All Posts

The Metrics You're Not Watching Are the Ones That Will Hurt You

Blog

Jun 4, 2026

Eggs and milk spilled on a kitchen counter next to a stove and dishrack.

The Metrics You're Not Watching Are the Ones That Will Hurt You

A test "wins." The primary metric is up, the confidence interval clears, and the team ships it. Three weeks later, support tickets are climbing and nobody connects the two events. The renovation made the living room beautiful and left the kitchen smelling of gas.

This is the most common failure mode in CRO programs, and it has nothing to do with statistics. It's a framing problem. When a single number decides whether an experiment succeeded, that number becomes the only thing anyone looks at, and the rest of the system gets to degrade quietly.

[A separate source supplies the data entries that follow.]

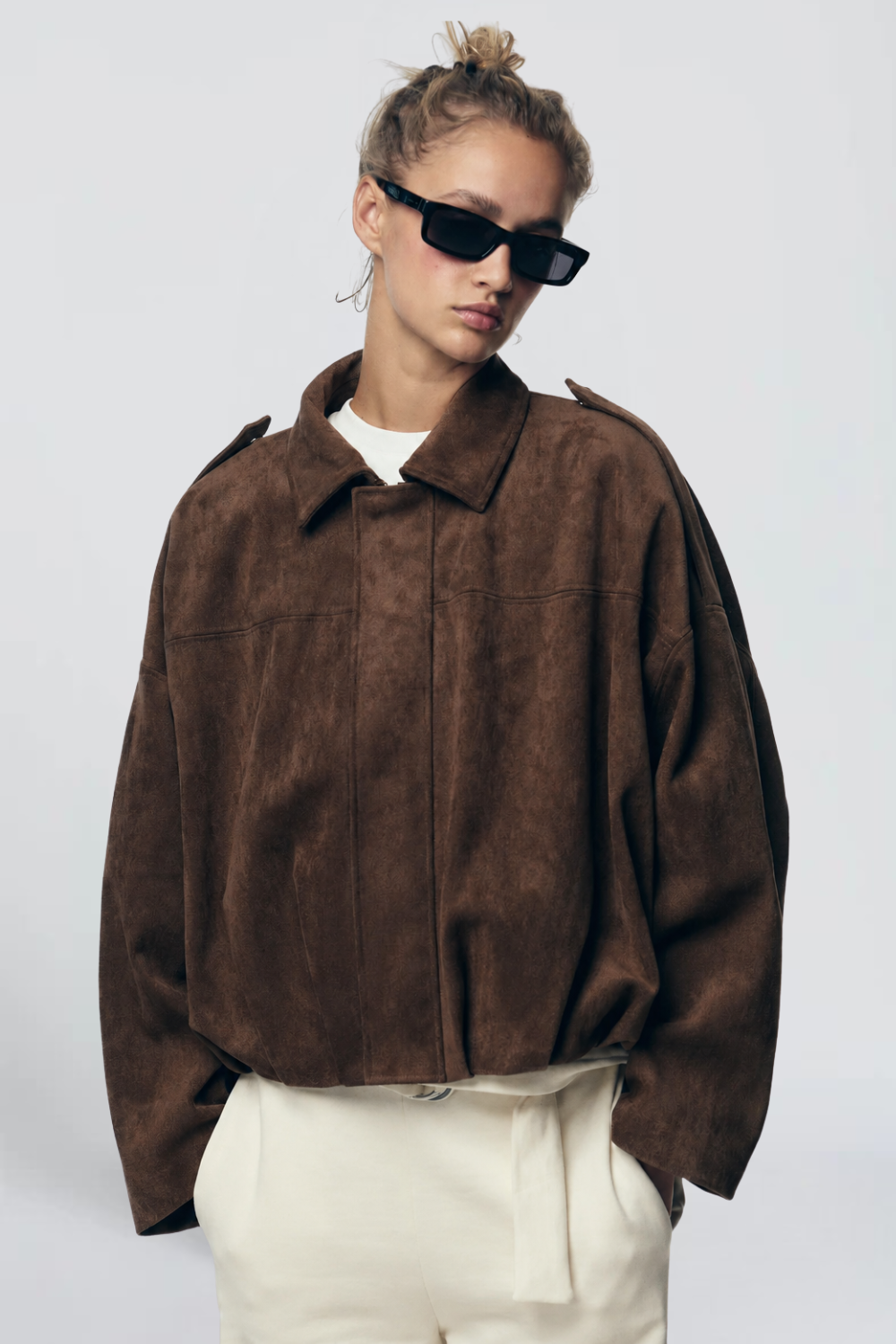 Mélissa Mathieu | Women's Khaki Oversized Utility Jacket – Green Bomber Jacket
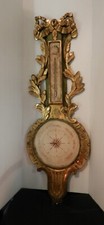 Grand baromètre Louis XVI en bois sculpté doré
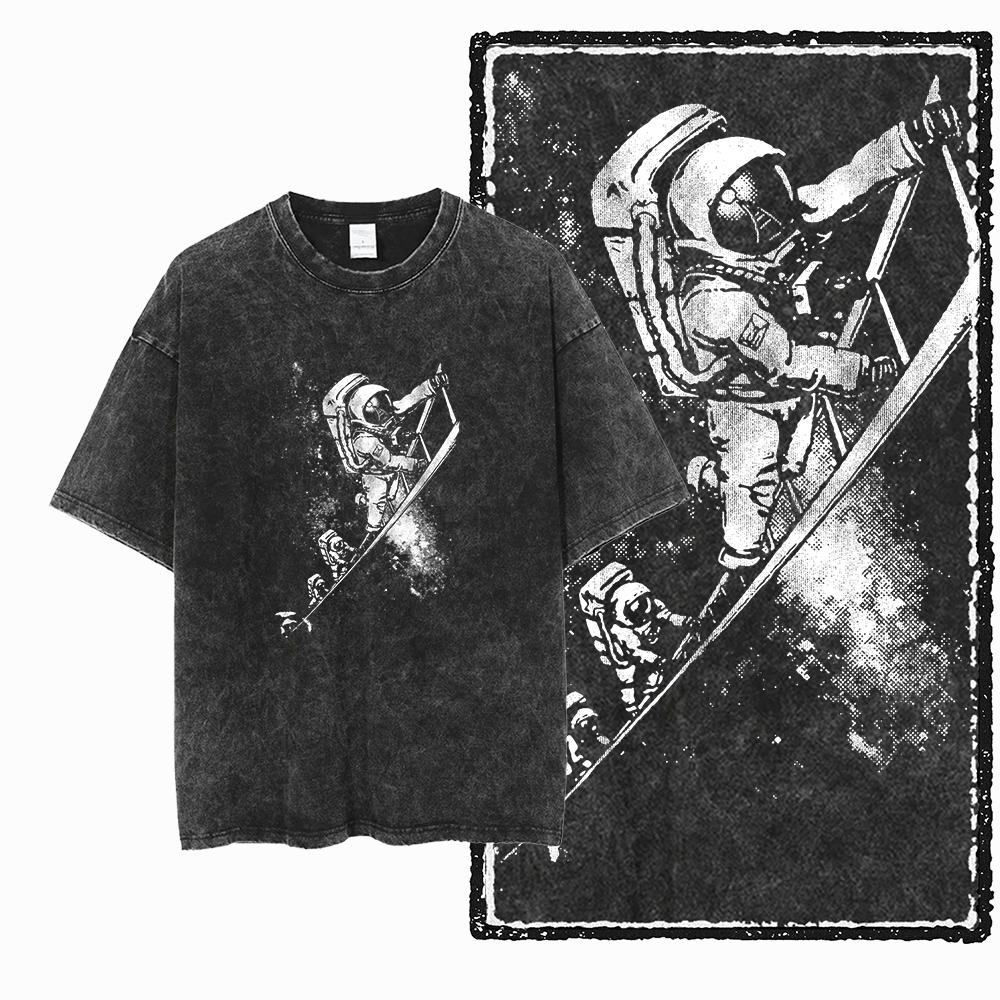 SA ASTRONAUT SPACE THEMES Printed Cotton Acid Washed Graphic Unisex T Shirt Cool Streetwear Men Tshirts Big Size Tee for Men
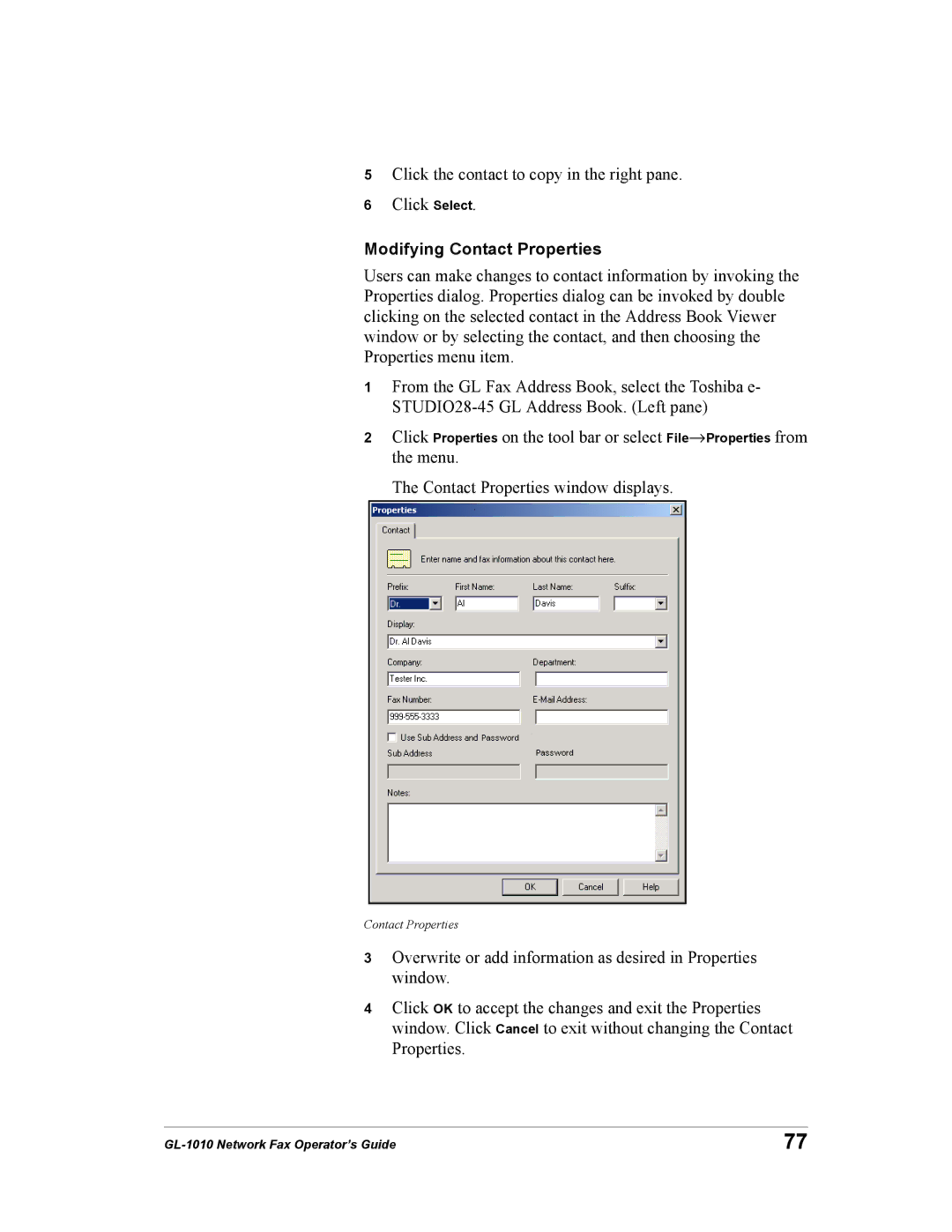 Toshiba GL-1010 manual Modifying Contact Properties 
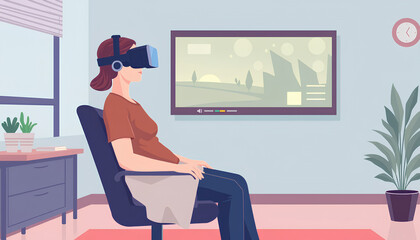 Illustration of rehabilitation therapy using VR headset, patient sitting on chair while interacting with virtual environment 2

A primary metric should never travel alone

Every experiment needs a metric hierarchy, not a metric. Three layers do most of the work.

The primary metric answers the question the test was designed to answer: did users advance to the next step, complete the purchase, submit the form. It decides whether you keep the change.

Secondary metrics explain the behavior around that change. Clicks on adjacent options, interaction with a module you didn't touch, the path users took to get to the conversion. These don't decide the test, but they tell you why the primary moved the way it did.

Guardrail metrics are the health indicators that aren't allowed to get worse. Cart abandonment, post-purchase cancellations, average order value, time to load. They're the handbrake. A change can lift the primary by ten points and still be killed by a guardrail that went red, because the guardrail is measuring whether the lift was real or borrowed from somewhere else in the funnel.

Most teams define the primary in the test plan and treat guardrails as an afterthought, if they define them at all. The order should be reversed. Decide what you refuse to break before you decide what you're trying to improve.

When a win is a loss

Three patterns show up again and again, and all three look like success on the dashboard you were watching.

The aggressive CTA. You rewrite a button to be louder and more insistent, and clicks jump. The secondary metric looks great. Then the next-step completion rate drops, because the louder button pulled in users who didn't understand what they were clicking. You moved volume from informed clicks to confused ones and called it a lift.

The forced upsell. You push ancillary products harder during checkout and ancillary attach rate climbs. Real revenue per visitor, though, falls, because the added friction nudged a chunk of carts into abandonment. You optimized one line item and taxed the whole transaction.

The removal of useful friction. A confirmation step, a clarifying screen, an extra field gets cut to "streamline" the flow. CTR through the funnel improves immediately. What the test window is too short to show: lead quality dropped, or cancellations rose, because some of that friction was doing the job of making sure users knew what they were signing up for. Not all friction is waste. Some of it is the product explaining itself.

In each case the primary metric did exactly what you hoped. The damage was sitting in a number nobody promoted to a decision criterion.

Squeeze versus optimize

Under deadline pressure, it's easy to mistake movement for progress. Manufactured urgency, dark-pattern defaults, a countdown timer that resets when you reload the page — these reliably move a primary KPI. They are squeezing the funnel, not optimizing it.

The difference shows up in the guardrails, on a delay. Churn, refund requests, support complaints, and unsubscribe rates are where borrowed conversions get paid back. A squeeze tactic produces a clean uplift in week one and an erosion of trust that doesn't fully register until the experiment is long closed and the result is already in the deck as a win.

A working rule: if a change can't survive being explained to the user in plain language, it isn't an optimization. It's a tax you're collecting before they notice.

Guardrails aren't only business metrics

Technical health belongs in the same category, and it's the part most experiment plans skip.

Page performance is a guardrail. A variant that adds 400ms to load time can post a higher conversion rate in the test and still cost you money at scale, because the latency hits every user while the conversion lift hits a subset.

JavaScript errors are a guardrail. If your variant raises the console error rate, that's red, full stop, even if the funnel looks healthy. You're shipping a result built on top of users who happened not to hit the broken path.

Segmentation hides the rest. A guardrail can be perfectly healthy on desktop and on fire on mobile, and the aggregate will average the fire down to something that looks survivable. Check the segments before you trust the total — the traffic that converts and the traffic that's most fragile are rarely the same devices.

The point was never to win tests

The goal of an A/B testing program is not a high win rate. It's making better decisions with less smoke. A team that ships every "winning" test without checking what those wins cost isn't running experiments, it's running a justification engine.

Calling a test inconclusive because it hurt a guardrail is a sign of professional maturity, not failure. It means the measurement system is doing its job — catching the change that would have looked good in the readout and bad in the quarterly numbers. The people who report those results honestly are the ones whose programs compound, because the wins they do ship are real.

Don't optimize for the click. Optimize for the decision.